+++ SUPPLIED DATA +++
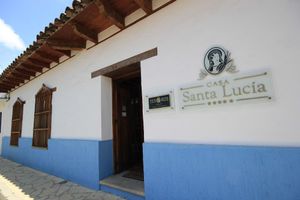 Alojamiento - Casa Santa Lucía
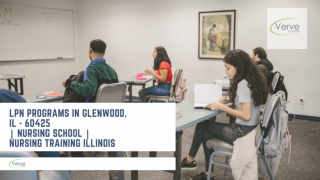 LPN Programs in Glenwood, IL – 60425  Nursing School  Nursing Training Illinois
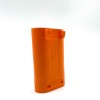 Разъем Amass LCB60-M (вилка, 80А, оранжевый) фото 1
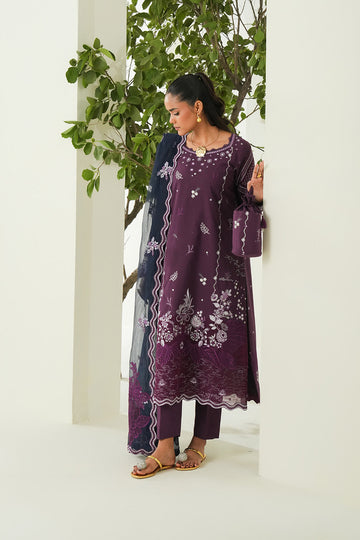 Maryum N Maria | Soiree Lawn | Sweet Pea by Maryum N Maria - Designer Dress - Type: Ladies Clothes - Available at Sana Yasir - 100% Original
+++
◆ WHAT YOU SHOULD DO: With pictures excluded, the data must be transcribed in full and to the letter.

◆ OUTPUT OF THE TASK:
 Alojamiento - Casa Santa Lucía
 LPN Programs in Glenwood, IL – 60425  Nursing School  Nursing Training Illinois
 Разъем Amass LCB60-M (вилка, 80А, оранжевый) фото 1
 Maryum N Maria | Soiree Lawn | Sweet Pea by Maryum N Maria - Designer Dress - Type: Ladies Clothes - Available at Sana Yasir - 100% Original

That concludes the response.